From Wikipedia:
The vector space of (equivalence classes of) measurable functions on $(S, Σ, μ)$ is denoted $L^0(S, Σ, μ)$.
This doesn't seem connected to the definition of $L^p(S, Σ, μ), \forall p \in (0, \infty)$ as being the set of measurable functions $f$ such that $\int_S |f|^p d\mu <\infty$. So I wonder if I miss any connection, and why use the notation $L^0$ if there is no connection?
Thanks and regards!
Note that when we restrict ourselves to the probability measures, then this terminology makes sense: $L^p$ is the space of those (equivalence classes of) measurable functions $f$ satisfying $$\int |f|^p<\infty.$$ Therefore $L^0$ should be the space of those (equivalence classes of) measurable functions $f$ satisfying $$\int |f|^0=\int 1=1<\infty,$$ that is the space of all (equivalence classes of) measurable functions $f$. And it is indeed the case.
If the measure of $S$ is finite, the $L^p$ spaces are nested: $L^{p}\subset L^q$ whenever $p\ge q$. The smaller the exponent, the larger the space. Since the space of measurable functions contains all of the $L^p$ for $p>0$, one may be tempted to denote it by $L^0$.
This temptation should be resisted and the notation $L^0$ banished from usage. [/rant]
I do think that $L^0$ is nice usage. As is well-known $\lim_{p \to \infty} \|\cdot \|_{L^p} = \|\cdot\|_\infty$ for certain spaces or functions. The case for $L^0$ is not that pretty, but at least still nice.
Recall the distribution function $\mu$ of $f$ given by, $$\mu(\alpha) := \mu_f(\alpha) := \mu\{|f|>\alpha\}.$$
Fubini gives that, $$\|f\|_{L^p}^p = p \int_0^\infty \mu_f(\alpha) \alpha^p \frac{\mathrm{d}\alpha}{\alpha}.$$
We can define the Lorentz spaces in a similar way. And indeed, for a finite measure space, we have if $p < q$ that $$L^q \subseteq L^p.$$ Hence, it is natural to define $L^0$ as, $$L^0 = \bigcup_{p > 0} L^p.$$ We would like to have that $L^0$ is also complete as a metric space, otherwise the notation would be quite deceiving indeed. For this we need a notation of convergence. On $L^p$ for $0 < p < 1$ it is not the norm that induces the metric, but it is $\|\cdot\|_p^p$.
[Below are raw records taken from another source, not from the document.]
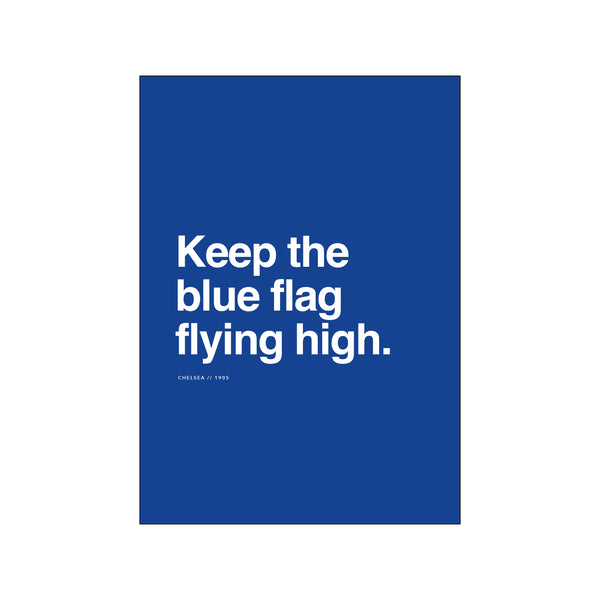 Chelsea - Flag flying high — Art print by Olé Olé from Poster & Frame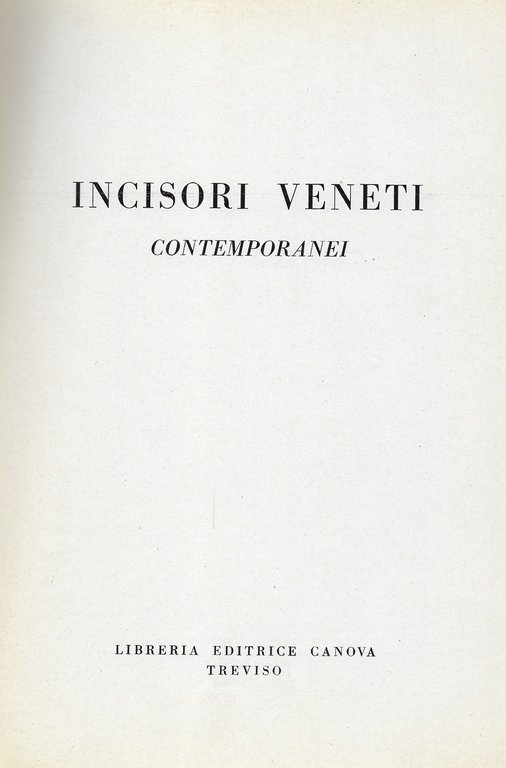 Incisori veneti contemporanei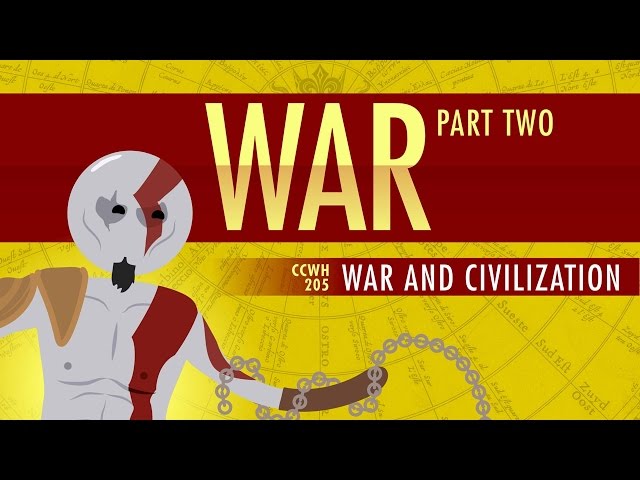 War and Civilization: Crash Course World History 205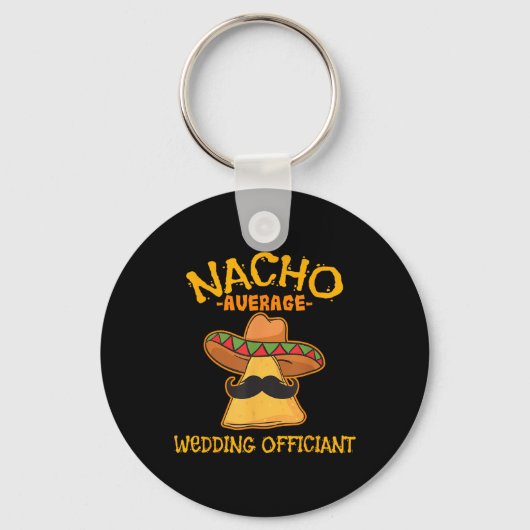 Nacho Gemiddelde bruiloft Officier van Mexicaanse Sleutelhanger (Voorkant)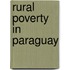 Rural Poverty in Paraguay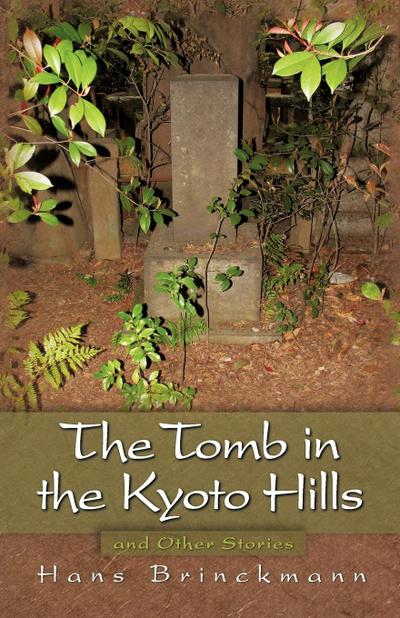 The Tomb in the Kyoto Hills and Other Stories - Hans Brinckmann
So, for $0 < p < 1$ we have, $$d_p(f, g) = p \int_0^\infty \mu\{|f - g|>\alpha\} \alpha^p \frac{\mathrm{d}\alpha}{\alpha}.$$
$\varepsilon$-neighborhoods $N^p_\varepsilon$ of $f$ in $L^p$ are then given by $$N^p_\varepsilon(f) = \Biggl\{g : p \int_0^\infty \mu\{|f - g|>\alpha\} \alpha^p \frac{\mathrm{d}\alpha}{\alpha} < \varepsilon \Biggr\}.$$
Too be continued, I wanted to give a brief remark, but I have decided otherwise in due progress.
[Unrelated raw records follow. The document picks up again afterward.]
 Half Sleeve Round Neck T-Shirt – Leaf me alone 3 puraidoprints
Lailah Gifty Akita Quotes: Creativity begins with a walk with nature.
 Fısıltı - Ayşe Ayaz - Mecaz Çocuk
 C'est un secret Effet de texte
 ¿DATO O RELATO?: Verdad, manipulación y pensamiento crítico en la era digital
$L^0$ is just a notation to refer to the weakness of the topology of convergence in measure. It is not locally bounded but is metrizable if the underlying measure space is non-atomic and $\sigma$-finite. The proper terminology is F-norm for complete metric linear spaces(F-spaces) which are not locally bounded. When locally bounded, such spaces are quasi-Banach spaces which $L^0$ is not. Thus, the main difference between a norm(quasi-norm) and an F-norm is the homogeneity. For quasi-norms $||cx||\le |c|||x||$ for all scalars c but for F-spaces $||cx||\le ||x||$ only for $|c|\le 1$. Despite being almost 40 years old, "An F-space Sample" by Kalton, Peck, and Roberts is still one of the best sources for this general view of functional analysis which focusses on topology and not on operator theory for Hilbert spaces.